## Problem to solve
In the entries below, find the line with "hands-woman-legs-laptop-medium" and the line with "Crop of a marketing"; give again those lines and every line between them, exactly.

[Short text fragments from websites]
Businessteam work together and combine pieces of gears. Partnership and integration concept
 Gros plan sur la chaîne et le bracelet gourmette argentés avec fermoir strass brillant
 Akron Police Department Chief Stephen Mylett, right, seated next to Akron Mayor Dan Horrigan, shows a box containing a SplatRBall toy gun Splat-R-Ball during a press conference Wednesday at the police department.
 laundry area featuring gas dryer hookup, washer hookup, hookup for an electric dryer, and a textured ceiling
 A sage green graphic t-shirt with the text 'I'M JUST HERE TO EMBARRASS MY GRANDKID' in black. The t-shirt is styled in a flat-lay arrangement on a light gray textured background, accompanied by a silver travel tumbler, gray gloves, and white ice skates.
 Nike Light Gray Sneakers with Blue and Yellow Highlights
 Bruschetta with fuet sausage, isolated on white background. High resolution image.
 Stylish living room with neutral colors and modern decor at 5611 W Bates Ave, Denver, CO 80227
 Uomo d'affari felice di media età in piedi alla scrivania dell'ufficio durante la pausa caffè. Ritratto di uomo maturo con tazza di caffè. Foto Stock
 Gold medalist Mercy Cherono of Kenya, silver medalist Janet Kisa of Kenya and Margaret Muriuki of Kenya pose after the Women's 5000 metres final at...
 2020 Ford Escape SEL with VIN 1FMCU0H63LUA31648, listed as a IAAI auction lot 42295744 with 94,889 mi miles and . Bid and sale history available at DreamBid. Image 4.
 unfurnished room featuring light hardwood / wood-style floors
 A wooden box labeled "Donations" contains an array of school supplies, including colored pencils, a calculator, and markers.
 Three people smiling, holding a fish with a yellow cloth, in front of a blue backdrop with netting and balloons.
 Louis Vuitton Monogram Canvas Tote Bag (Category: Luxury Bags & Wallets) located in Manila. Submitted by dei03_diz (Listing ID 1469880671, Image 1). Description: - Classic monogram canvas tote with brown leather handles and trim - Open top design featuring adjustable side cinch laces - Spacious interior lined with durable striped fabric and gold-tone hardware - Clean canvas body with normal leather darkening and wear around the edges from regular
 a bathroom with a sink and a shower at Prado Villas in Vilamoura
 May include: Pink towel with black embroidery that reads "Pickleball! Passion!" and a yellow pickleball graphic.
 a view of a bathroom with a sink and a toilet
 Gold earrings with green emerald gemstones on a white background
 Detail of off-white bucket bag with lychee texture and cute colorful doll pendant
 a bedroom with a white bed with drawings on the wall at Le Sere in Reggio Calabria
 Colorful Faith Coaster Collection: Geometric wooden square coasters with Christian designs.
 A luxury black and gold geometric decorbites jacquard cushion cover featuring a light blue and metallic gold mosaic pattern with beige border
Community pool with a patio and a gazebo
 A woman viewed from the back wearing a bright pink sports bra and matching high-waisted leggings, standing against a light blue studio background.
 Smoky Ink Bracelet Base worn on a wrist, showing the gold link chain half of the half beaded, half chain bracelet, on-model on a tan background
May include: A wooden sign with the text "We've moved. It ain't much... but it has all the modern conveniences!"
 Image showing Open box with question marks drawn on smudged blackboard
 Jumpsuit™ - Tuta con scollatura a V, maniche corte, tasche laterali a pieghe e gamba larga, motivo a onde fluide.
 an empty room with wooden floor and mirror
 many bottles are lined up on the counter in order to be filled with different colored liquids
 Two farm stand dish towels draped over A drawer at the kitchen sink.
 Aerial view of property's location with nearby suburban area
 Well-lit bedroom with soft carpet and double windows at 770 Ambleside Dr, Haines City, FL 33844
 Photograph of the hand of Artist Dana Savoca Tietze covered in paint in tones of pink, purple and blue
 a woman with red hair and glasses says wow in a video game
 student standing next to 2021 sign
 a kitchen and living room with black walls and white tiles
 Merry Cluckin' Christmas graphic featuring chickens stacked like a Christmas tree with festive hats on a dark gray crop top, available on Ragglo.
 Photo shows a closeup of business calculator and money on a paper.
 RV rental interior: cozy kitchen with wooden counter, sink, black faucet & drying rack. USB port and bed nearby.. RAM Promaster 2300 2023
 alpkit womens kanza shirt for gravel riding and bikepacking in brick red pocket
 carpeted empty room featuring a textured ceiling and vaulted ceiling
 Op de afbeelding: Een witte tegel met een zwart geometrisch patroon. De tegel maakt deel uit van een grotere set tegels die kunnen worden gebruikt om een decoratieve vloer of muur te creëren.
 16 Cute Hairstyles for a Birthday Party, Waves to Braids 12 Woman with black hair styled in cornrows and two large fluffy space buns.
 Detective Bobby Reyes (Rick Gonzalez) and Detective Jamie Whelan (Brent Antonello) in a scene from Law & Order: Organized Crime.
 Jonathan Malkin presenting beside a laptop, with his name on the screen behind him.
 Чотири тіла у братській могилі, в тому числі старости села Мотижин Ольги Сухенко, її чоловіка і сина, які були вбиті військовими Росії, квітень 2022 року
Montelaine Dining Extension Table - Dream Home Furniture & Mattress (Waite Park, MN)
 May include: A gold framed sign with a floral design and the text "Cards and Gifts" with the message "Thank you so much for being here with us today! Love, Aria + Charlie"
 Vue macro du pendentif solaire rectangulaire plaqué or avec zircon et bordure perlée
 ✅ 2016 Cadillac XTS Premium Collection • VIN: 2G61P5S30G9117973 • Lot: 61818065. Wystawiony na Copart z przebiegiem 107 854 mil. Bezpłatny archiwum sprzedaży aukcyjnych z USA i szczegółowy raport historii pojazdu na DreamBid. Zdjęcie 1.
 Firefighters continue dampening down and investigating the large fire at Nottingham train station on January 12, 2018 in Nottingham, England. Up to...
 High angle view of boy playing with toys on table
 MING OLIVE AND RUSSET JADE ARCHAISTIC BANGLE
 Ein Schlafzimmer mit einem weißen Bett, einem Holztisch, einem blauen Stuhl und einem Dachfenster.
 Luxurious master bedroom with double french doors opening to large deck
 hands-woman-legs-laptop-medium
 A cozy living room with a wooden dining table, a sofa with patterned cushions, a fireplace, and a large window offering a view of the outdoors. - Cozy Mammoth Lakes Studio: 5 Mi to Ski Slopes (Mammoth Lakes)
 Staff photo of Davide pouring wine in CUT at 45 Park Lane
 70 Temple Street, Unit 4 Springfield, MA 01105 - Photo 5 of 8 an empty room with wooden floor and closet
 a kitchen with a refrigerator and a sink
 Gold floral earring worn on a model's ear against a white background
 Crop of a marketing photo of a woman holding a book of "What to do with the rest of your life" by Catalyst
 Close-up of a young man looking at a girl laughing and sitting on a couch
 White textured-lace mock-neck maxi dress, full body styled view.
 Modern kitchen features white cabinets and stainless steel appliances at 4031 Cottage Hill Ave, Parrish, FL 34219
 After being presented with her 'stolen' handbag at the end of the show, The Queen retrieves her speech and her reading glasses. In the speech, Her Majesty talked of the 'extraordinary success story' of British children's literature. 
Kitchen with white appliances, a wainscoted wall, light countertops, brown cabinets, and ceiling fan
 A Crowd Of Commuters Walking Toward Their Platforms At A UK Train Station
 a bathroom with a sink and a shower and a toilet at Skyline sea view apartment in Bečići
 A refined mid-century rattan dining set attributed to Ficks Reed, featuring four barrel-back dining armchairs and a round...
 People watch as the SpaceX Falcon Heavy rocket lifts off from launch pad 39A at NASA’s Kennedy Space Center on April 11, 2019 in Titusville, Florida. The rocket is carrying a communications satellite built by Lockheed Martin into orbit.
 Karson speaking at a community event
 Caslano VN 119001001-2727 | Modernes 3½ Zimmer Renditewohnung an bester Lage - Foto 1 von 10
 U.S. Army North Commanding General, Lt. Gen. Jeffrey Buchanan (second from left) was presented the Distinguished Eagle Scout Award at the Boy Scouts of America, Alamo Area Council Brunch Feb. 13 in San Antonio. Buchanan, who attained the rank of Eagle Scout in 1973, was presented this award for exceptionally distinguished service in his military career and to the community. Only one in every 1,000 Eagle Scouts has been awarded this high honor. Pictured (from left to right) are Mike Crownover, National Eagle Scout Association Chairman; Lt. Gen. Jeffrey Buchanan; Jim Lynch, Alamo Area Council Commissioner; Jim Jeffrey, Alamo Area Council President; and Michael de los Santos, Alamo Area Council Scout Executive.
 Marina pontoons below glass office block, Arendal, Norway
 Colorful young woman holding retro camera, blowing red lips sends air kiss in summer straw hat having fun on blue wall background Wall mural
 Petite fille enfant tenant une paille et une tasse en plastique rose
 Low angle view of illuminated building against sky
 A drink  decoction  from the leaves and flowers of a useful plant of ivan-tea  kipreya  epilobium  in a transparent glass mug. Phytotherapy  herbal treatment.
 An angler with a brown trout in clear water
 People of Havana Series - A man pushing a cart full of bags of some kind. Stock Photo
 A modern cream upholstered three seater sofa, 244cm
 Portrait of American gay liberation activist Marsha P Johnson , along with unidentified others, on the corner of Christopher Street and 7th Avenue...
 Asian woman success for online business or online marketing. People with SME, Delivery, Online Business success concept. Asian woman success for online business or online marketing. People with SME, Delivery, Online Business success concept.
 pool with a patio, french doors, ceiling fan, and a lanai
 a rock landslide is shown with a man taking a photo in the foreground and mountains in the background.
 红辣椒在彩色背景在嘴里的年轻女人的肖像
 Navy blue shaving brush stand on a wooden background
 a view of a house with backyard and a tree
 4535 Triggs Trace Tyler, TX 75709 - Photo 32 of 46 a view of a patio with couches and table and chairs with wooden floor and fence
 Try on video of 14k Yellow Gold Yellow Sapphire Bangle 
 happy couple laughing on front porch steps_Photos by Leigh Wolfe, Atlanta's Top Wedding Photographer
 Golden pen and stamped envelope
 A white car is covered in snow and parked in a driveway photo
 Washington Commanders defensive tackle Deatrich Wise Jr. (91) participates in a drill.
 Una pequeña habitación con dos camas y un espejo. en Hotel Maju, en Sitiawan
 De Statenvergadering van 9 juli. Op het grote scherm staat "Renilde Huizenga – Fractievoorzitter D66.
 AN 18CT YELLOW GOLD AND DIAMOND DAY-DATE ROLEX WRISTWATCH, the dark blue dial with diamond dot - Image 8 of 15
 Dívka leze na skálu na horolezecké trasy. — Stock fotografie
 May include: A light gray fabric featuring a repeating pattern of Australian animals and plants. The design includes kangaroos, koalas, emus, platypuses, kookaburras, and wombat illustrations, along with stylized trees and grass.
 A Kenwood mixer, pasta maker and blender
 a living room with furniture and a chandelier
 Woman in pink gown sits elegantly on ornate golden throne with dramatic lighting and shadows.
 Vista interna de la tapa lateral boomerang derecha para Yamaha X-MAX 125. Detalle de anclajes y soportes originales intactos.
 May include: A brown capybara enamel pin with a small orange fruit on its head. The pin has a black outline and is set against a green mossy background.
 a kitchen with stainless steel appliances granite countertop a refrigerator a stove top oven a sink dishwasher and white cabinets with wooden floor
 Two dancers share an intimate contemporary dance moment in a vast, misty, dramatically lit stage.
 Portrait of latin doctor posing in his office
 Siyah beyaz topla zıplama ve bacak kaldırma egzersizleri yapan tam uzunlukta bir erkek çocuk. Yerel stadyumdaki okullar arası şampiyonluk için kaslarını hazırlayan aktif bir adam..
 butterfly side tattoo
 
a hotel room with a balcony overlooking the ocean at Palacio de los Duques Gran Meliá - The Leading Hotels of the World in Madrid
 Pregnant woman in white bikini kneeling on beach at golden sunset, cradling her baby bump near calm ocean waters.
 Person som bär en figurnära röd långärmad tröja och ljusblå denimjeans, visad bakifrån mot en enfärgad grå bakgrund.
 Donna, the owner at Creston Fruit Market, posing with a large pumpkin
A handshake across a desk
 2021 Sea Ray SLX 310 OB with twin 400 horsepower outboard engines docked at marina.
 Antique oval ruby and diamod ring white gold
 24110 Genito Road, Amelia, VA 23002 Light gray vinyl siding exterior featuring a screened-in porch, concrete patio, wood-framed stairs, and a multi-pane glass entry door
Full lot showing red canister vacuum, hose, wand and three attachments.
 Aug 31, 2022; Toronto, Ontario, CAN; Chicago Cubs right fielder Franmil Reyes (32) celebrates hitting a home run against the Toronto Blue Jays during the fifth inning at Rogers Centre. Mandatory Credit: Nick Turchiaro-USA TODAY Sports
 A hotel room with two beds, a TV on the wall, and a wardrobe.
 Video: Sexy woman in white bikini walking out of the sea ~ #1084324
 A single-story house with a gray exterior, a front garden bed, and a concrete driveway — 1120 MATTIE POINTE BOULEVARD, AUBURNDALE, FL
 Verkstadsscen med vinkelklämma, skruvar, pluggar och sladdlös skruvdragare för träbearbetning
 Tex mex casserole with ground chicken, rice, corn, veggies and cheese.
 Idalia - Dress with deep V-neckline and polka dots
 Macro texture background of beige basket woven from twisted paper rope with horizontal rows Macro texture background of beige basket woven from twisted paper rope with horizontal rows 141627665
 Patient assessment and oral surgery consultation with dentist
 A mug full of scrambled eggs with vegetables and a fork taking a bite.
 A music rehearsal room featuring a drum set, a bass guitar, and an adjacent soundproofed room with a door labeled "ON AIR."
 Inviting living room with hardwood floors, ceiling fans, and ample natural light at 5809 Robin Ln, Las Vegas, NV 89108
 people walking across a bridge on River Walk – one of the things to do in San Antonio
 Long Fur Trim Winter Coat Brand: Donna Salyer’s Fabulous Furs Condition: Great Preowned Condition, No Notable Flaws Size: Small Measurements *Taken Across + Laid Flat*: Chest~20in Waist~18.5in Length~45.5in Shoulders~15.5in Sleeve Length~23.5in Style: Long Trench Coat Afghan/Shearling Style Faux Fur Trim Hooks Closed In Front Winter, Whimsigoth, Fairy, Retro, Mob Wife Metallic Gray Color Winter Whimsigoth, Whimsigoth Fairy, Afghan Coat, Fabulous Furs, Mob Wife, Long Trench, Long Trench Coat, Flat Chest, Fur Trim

## Answer to the problem
 hands-woman-legs-laptop-medium
 A cozy living room with a wooden dining table, a sofa with patterned cushions, a fireplace, and a large window offering a view of the outdoors. - Cozy Mammoth Lakes Studio: 5 Mi to Ski Slopes (Mammoth Lakes)
 Staff photo of Davide pouring wine in CUT at 45 Park Lane
 70 Temple Street, Unit 4 Springfield, MA 01105 - Photo 5 of 8 an empty room with wooden floor and closet
 a kitchen with a refrigerator and a sink
 Gold floral earring worn on a model's ear against a white background
 Crop of a marketing photo of a woman holding a book of "What to do with the rest of your life" by Catalyst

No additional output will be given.